▶ **EXERCISE PROMPT**
Give the records again, every one, exactly.
EXTRACTED RECORDS below:
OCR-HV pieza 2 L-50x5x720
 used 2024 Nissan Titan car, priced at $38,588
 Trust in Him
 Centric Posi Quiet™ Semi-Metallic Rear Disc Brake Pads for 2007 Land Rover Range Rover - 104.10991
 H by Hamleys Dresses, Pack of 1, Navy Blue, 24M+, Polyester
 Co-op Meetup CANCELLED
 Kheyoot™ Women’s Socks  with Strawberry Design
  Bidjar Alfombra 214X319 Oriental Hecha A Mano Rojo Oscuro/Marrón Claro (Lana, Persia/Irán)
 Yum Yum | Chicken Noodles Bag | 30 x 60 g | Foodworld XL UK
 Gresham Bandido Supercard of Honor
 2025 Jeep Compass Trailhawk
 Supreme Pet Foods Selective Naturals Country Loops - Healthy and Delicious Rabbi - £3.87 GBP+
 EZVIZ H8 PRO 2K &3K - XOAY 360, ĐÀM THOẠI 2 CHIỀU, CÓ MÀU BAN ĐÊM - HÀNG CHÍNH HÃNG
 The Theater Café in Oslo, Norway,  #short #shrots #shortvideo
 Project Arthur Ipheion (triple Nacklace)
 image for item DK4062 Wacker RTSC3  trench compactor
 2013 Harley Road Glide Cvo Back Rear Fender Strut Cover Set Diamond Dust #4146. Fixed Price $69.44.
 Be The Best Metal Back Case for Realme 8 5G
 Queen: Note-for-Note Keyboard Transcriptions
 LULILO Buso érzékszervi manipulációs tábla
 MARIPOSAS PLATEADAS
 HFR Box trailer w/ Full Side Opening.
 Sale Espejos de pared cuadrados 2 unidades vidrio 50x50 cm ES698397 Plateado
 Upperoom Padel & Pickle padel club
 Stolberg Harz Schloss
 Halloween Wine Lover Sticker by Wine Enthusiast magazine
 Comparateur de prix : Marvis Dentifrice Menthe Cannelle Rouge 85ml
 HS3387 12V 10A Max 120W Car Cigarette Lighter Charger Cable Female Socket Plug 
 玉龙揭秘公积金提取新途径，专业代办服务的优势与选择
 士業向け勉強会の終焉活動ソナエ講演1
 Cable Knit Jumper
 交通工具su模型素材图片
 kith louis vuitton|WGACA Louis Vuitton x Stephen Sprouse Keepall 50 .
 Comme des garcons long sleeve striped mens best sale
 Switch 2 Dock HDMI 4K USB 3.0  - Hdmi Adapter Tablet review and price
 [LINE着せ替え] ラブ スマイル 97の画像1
End of EXTRACTED RECORDS.
▶ **ANSWER TO THIS PROBLEM**
OCR-HV pieza 2 L-50x5x720
 used 2024 Nissan Titan car, priced at $38,588
 Trust in Him
 Centric Posi Quiet™ Semi-Metallic Rear Disc Brake Pads for 2007 Land Rover Range Rover - 104.10991
 H by Hamleys Dresses, Pack of 1, Navy Blue, 24M+, Polyester
 Co-op Meetup CANCELLED
 Kheyoot™ Women’s Socks  with Strawberry Design
  Bidjar Alfombra 214X319 Oriental Hecha A Mano Rojo Oscuro/Marrón Claro (Lana, Persia/Irán)
 Yum Yum | Chicken Noodles Bag | 30 x 60 g | Foodworld XL UK
 Gresham Bandido Supercard of Honor
 2025 Jeep Compass Trailhawk
 Supreme Pet Foods Selective Naturals Country Loops - Healthy and Delicious Rabbi - £3.87 GBP+
 EZVIZ H8 PRO 2K &3K - XOAY 360, ĐÀM THOẠI 2 CHIỀU, CÓ MÀU BAN ĐÊM - HÀNG CHÍNH HÃNG
 The Theater Café in Oslo, Norway,  #short #shrots #shortvideo
 Project Arthur Ipheion (triple Nacklace)
 image for item DK4062 Wacker RTSC3  trench compactor
 2013 Harley Road Glide Cvo Back Rear Fender Strut Cover Set Diamond Dust #4146. Fixed Price $69.44.
 Be The Best Metal Back Case for Realme 8 5G
 Queen: Note-for-Note Keyboard Transcriptions
 LULILO Buso érzékszervi manipulációs tábla
 MARIPOSAS PLATEADAS
 HFR Box trailer w/ Full Side Opening.
 Sale Espejos de pared cuadrados 2 unidades vidrio 50x50 cm ES698397 Plateado
 Upperoom Padel & Pickle padel club
 Stolberg Harz Schloss
 Halloween Wine Lover Sticker by Wine Enthusiast magazine
 Comparateur de prix : Marvis Dentifrice Menthe Cannelle Rouge 85ml
 HS3387 12V 10A Max 120W Car Cigarette Lighter Charger Cable Female Socket Plug 
 玉龙揭秘公积金提取新途径，专业代办服务的优势与选择
 士業向け勉強会の終焉活動ソナエ講演1
 Cable Knit Jumper
 交通工具su模型素材图片
 kith louis vuitton|WGACA Louis Vuitton x Stephen Sprouse Keepall 50 .
 Comme des garcons long sleeve striped mens best sale
 Switch 2 Dock HDMI 4K USB 3.0  - Hdmi Adapter Tablet review and price
 [LINE着せ替え] ラブ スマイル 97の画像1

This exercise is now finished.